Images of refugees crossing the Mediterranean are feeding a global debate over immigration that is dividing electorates across the western world. The Syrian war and Islamic terrorism, plus the drive to escape poverty in Africa, mean Europe is in the throes of the biggest influx of refugees since the Second World War, stoking populist sentiment from the UK to France and Germany.

At its peak last summer, the influx of migrants from the Middle East and North Africa destabilised European Union governments and threatened to break the bloc’s passport-free travel zone as national authorities closed borders and refused to accept refugees. Following an agreement in March between the EU and Turkey to stem refugee flows through Greece, numbers have dropped and attention has shifted to the more dangerous central Mediterranean route to Italy.

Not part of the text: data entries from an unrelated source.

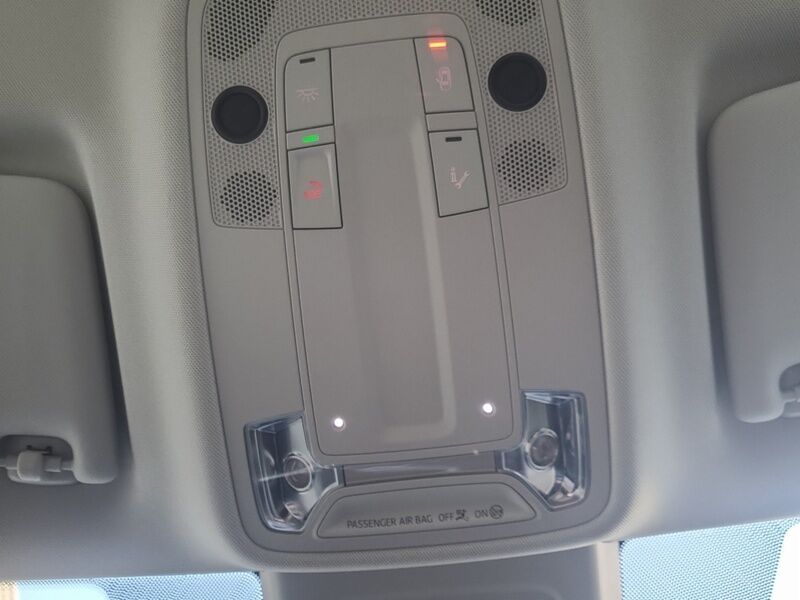 More views of Audi Q3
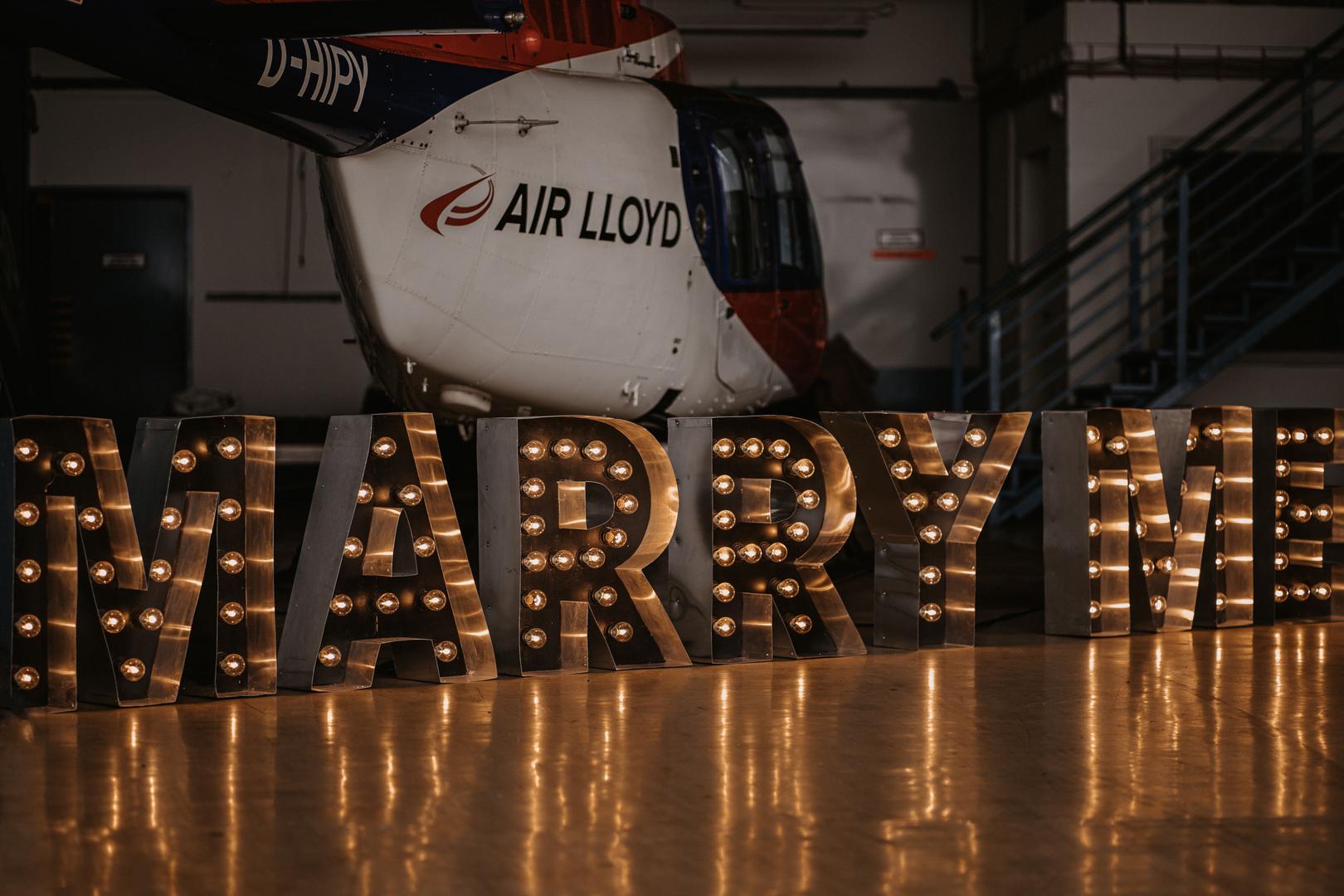 Leuchten & Lampen mieten & vermieten - Vintage Leuchtbuchstaben & Zahlen mieten – 70 cm & XXL (150 cm) – Das Highlight in Wuppertal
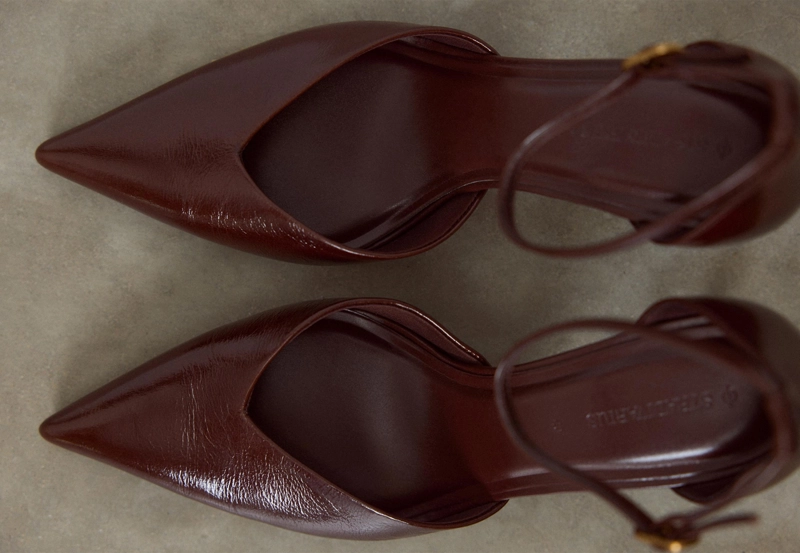 Кожаные туфли на каблуке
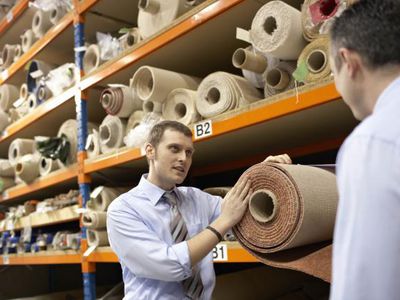 Warehouse-carpet-salesperson.jpg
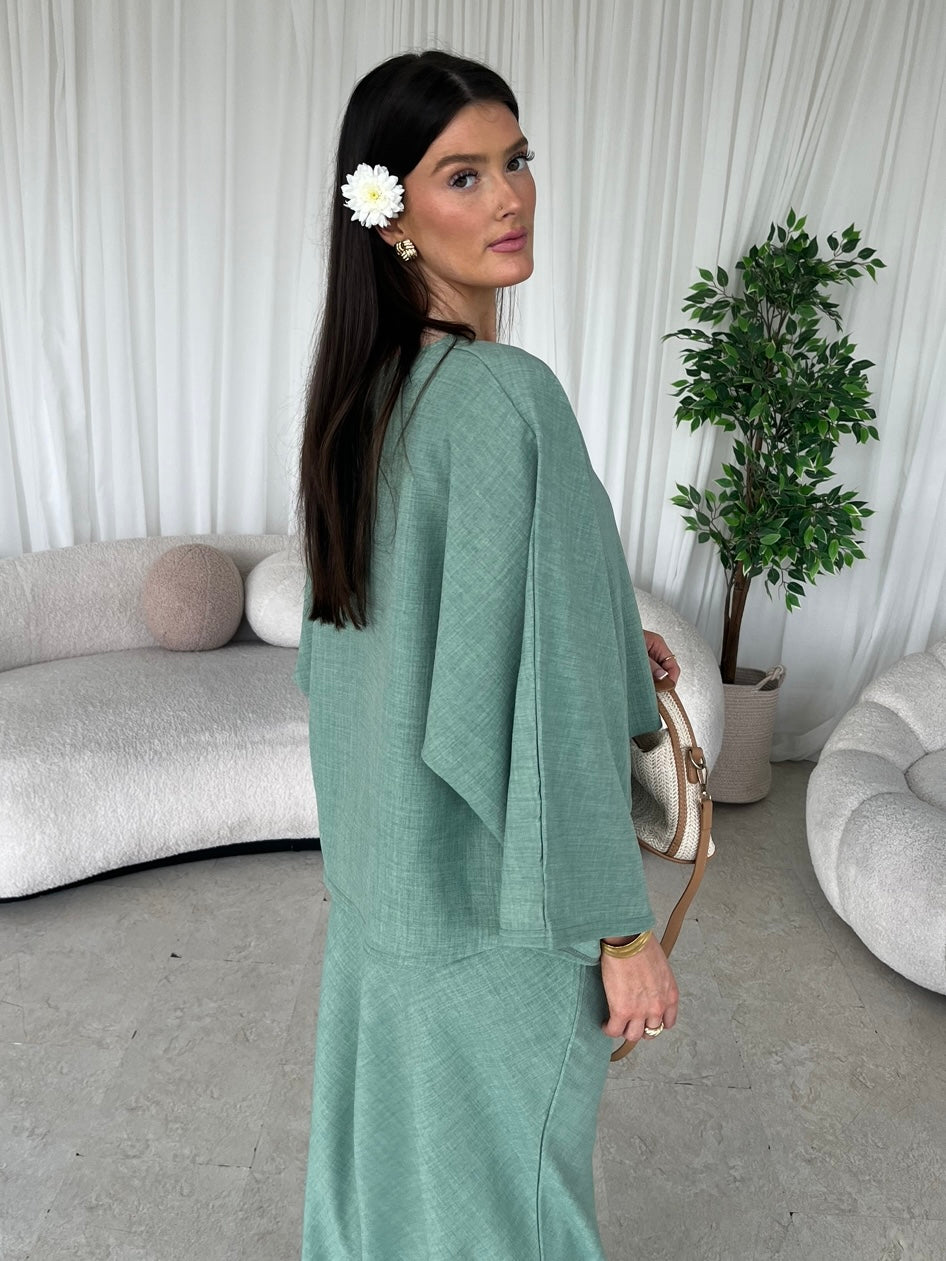 Cape top and skirt set Mint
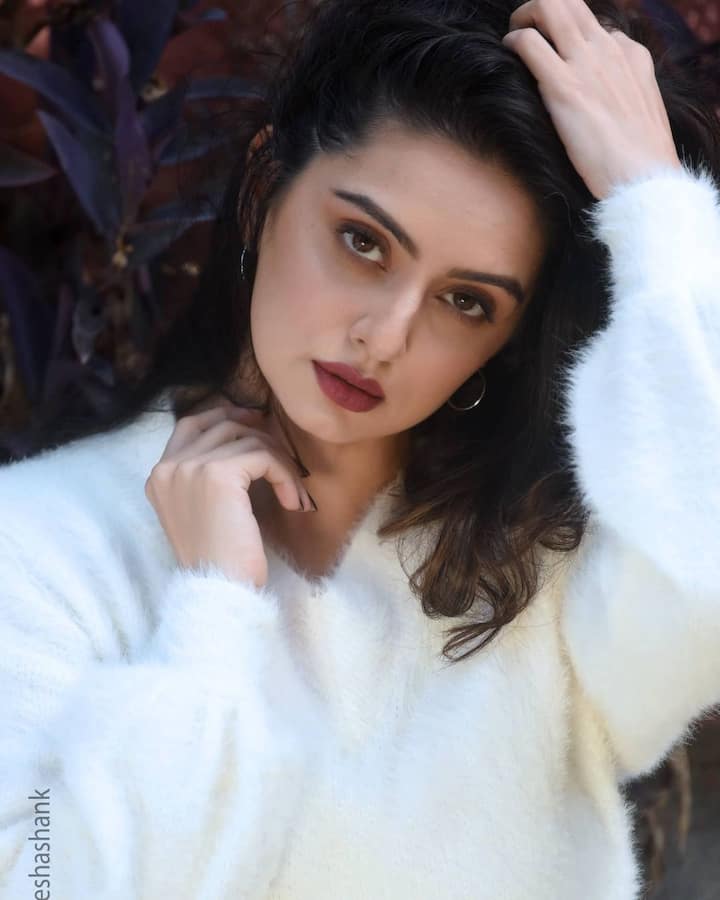 ‘जागो मोहन प्यारे’, 'राधा ही बावरी' अशा अनेक मालिकांमधून घराघरात पोहचलेली मराठमोळी अभिनेत्री म्हणजेच श्रुती मराठे. (photo: shrumarathe/ig)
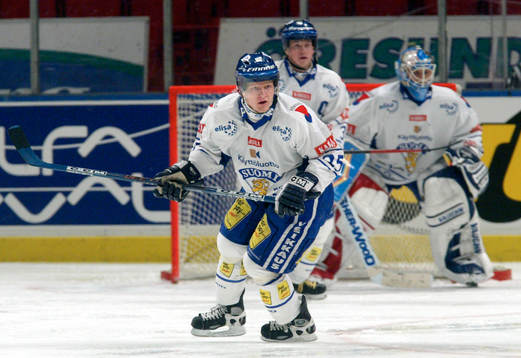Jukka Hentunen, Finland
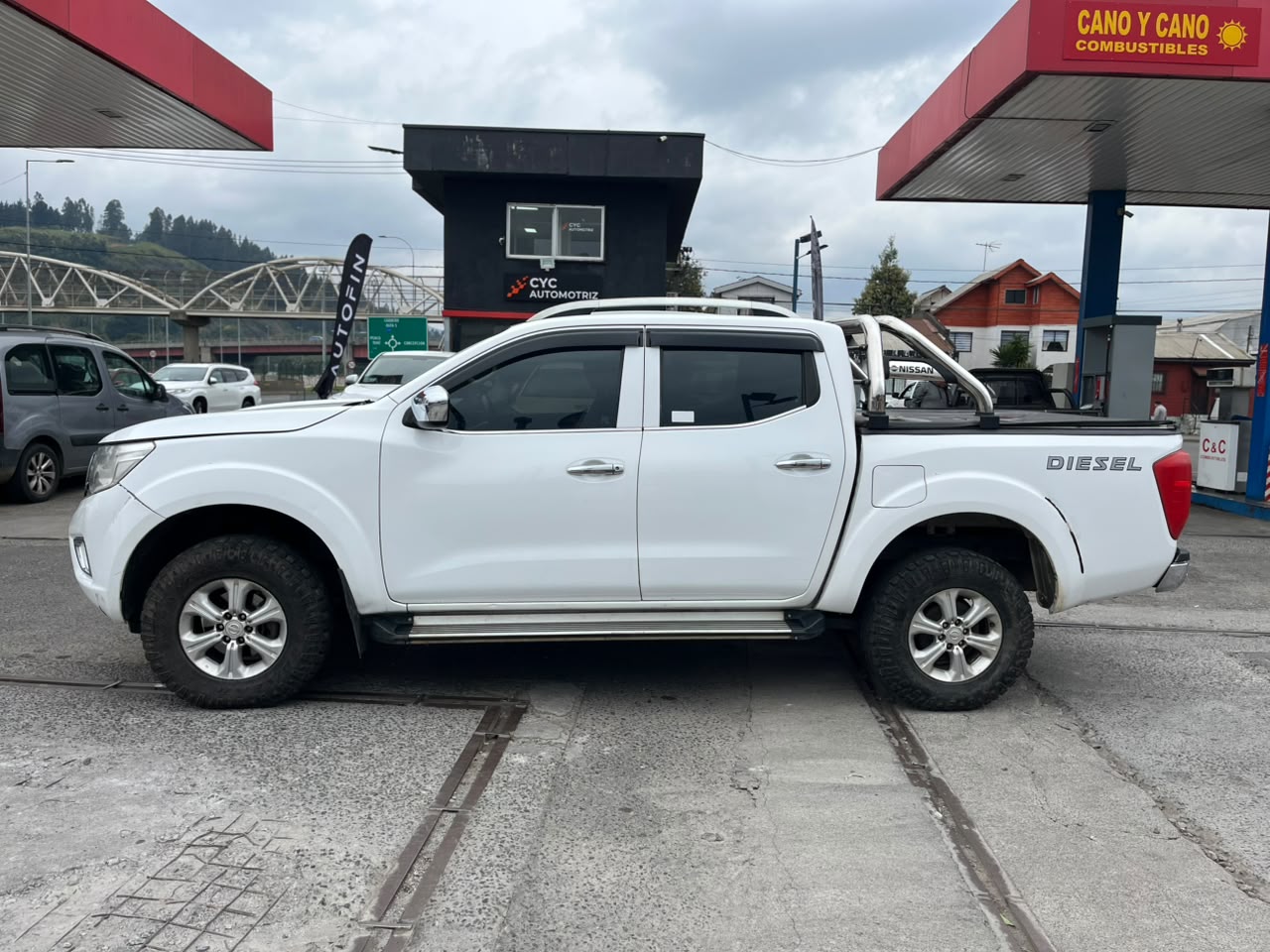 Nissan Np300 Navara — foto 7 de 40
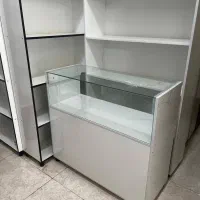 ویترین شیشه ای و قفس چوبی دست دوم (یکجا)(درحدنو)|بوفه، ویترین، کنسول|کرج, فاز ۳ گوهردشت|دیوار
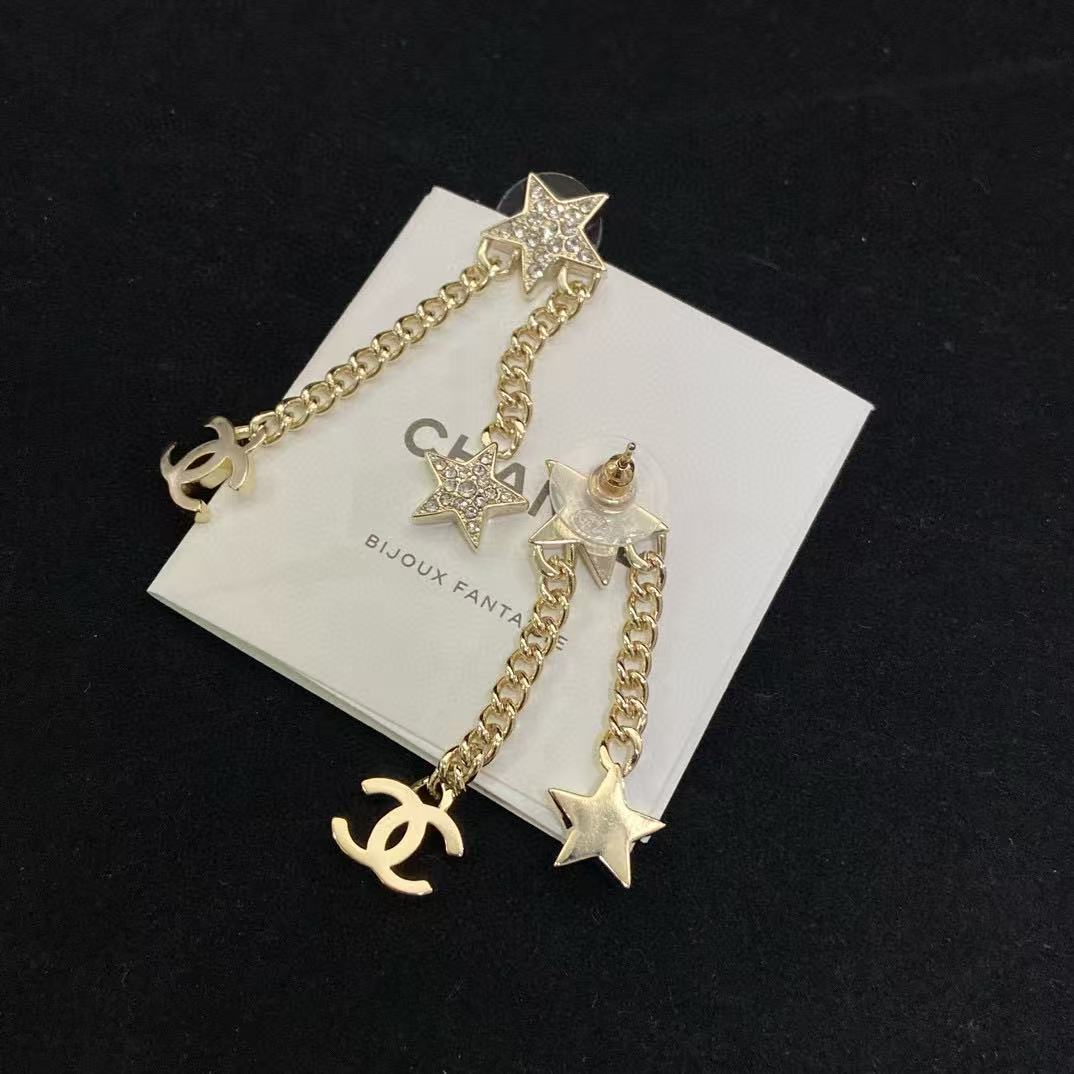 CHANE1 五芒星タッセルイヤリング【 50％割引+送料無料】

Although the number of arrivals to the EU has fallen, the crisis could yet become a lightning rod in elections in France and Germany next year.

Efforts to stop people making the journey from Northern Africa to Italy are complicated by a fragile national-unity government in Libya as well as a region destabilised by civil war and conflicts with the Islamic State.

As waves of migrants lined up to cross to Europe, people smugglers changed the way they operate, now taking more risks by sending people on rubber dinghies rather than small fishing boats, transferring people to larger boats in the middle of the sea to avoid detection and sometimes putting people on vessels with insufficient fuel, Spindler said.

The influx of migrants to Greece has decreased dramatically since March’s EU-Turkey deal and the closure of the border between Greece and Macedonia. Last month 3,437 migrants arrived in Greece compared with 107,843 last August. In Italy, 11,854 people arrived last month, compared with 22,609 in the year-ago period. Nearly 3,000 entered on Tuesday alone, the most in a single day since June 28.

“We have seen increased figures in recent days but this is still significantly lower than the same period last year,” European Commission spokeswoman Natasha Bertaud told reporters in Brussels on Wednesday. “It’s quite common for arrival figures to change on a daily basis and it’s quite difficult to decipher trends until a little bit after the fact. But at the moment we’re still in a situation that it’s a lot less than last year.”